In The Arena by TechArena - Connectivity for the AI Era with Alphawave Semi’s Tony Chan Carusone
Episode Date: October 17, 2023TechArena host Allyson Klein chats with Alphawave Semi’s CTO Tony Chan Carusone regarding the unique opportunity for connectivity innovation to fuel the era of AI and why Alphawave is perfectly pois...ed for IP, chiplet and custom solution delivery.
Transcript
Discussion (0)
Welcome to the Tech Arena, featuring authentic discussions between tech's leading innovators
and our host, Allison Klein.
Now, let's step into the arena.
Welcome to the Tech Arena.
My name is Allison Klein. I'm delighted to be joined by
Tony Chan-Carossoni. He's a researcher of high-performance connectivity and integrated
circuit design for the last two decades, so he's pretty knowledgeable in this space. He's been a
professor at the University of Toronto, and right now he's the CTO of AlphaWave Semi.
Congratulations on that, and welcome to the program, AlphaWave Semi. Congratulations on that.
And welcome to the program, Tony.
Thanks.
Pleasure to be here.
So Tony, AlphaWave has been on the program before.
We chatted at MemCon earlier this year.
And the Tech Arena audience knows a bit about the company.
But why don't we just start with a foundation for those who didn't listen to that episode
on an introduction to AlphaWave and what your role is in the industry.

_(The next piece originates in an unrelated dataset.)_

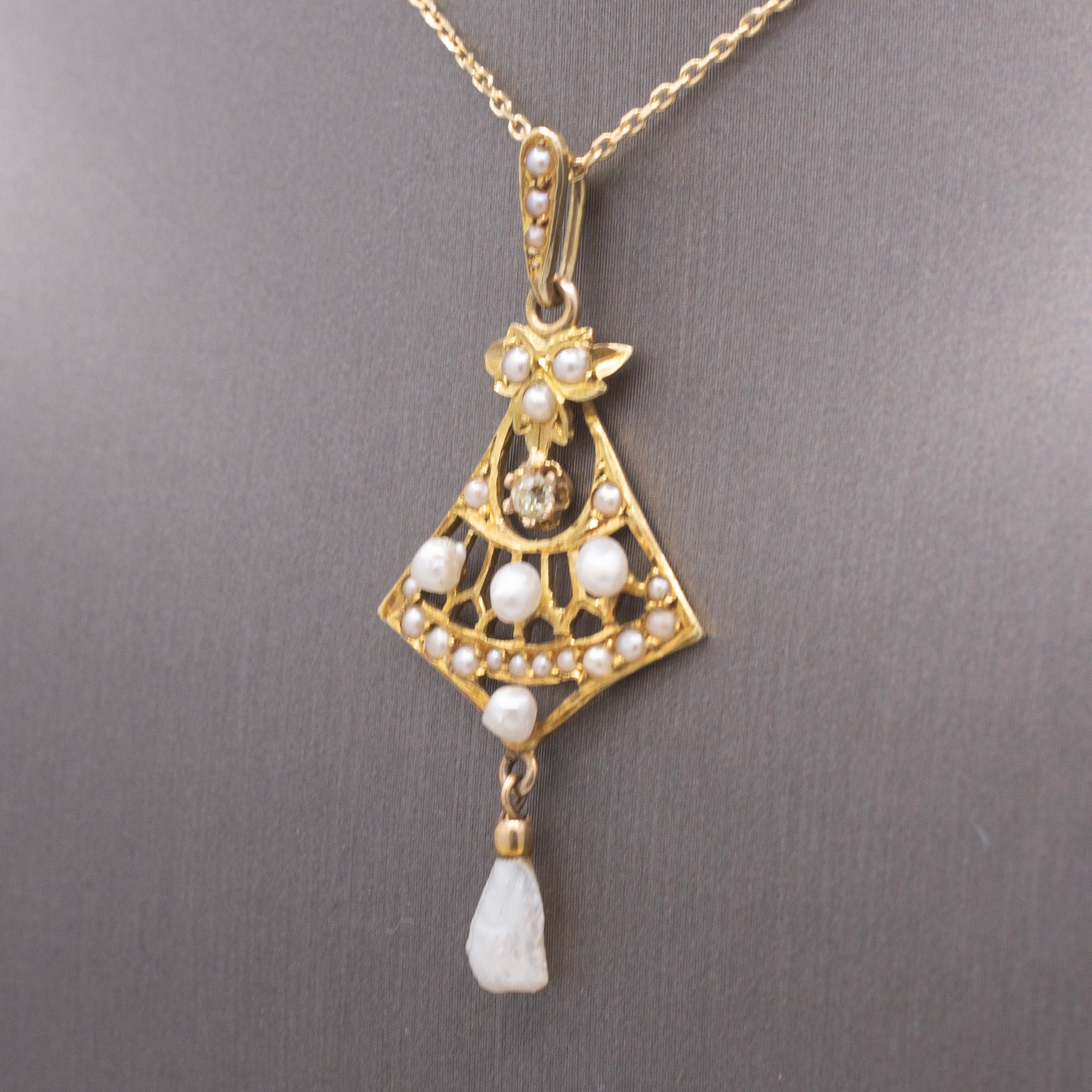 Delicate Edwardian Seed Pearl and Diamond Lavalier Necklace in 14k Yellow Gold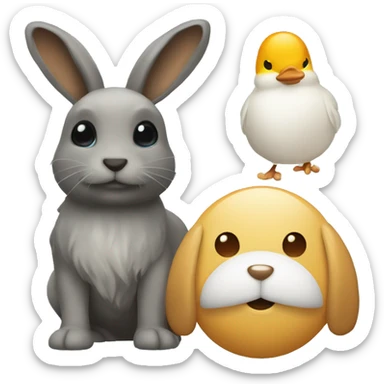 Kaninchen mit einer Mütze und einem Heru sticker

And then you have an incredible wealth of experience
in technology. What does it mean to be the CTO of AlphaWave, Samoy?
Thanks. Yeah, I mean, being a CTO at AlphaWave is really the culmination and it's about a high
point and a long journey for me through the industry that began at the University of Toronto
over 20 years ago,
where I went through school actually with a lot of the founders of AlphaWave.
And then I became a faculty member at the University of Toronto.
And for 20 years, I've done R&D on optical connectivity and integrated circuits for high
speed data communication.
And during that time, I worked with many companies, large and small startups and some of the biggest
semiconductor companies in the world, working on solutions in this space, building up wealth
expertise and my own ideas about the industry and challenges it's facing.
And then a couple of years ago, around the time that AlphaWave IPO'd, I got back together
with my old friends and heard about their exciting plans for turning Offwave into a vertically integrated solutions provider for connectivity.
And it was a really exciting opportunity.
And so since then, I've been focused in particular on working on strategic technology areas for the company.
And that includes AI hardware and connectivity solutions for including optimal
connectivity. And that's apropos of where we are today, which is the AI hardware and edge AI summit.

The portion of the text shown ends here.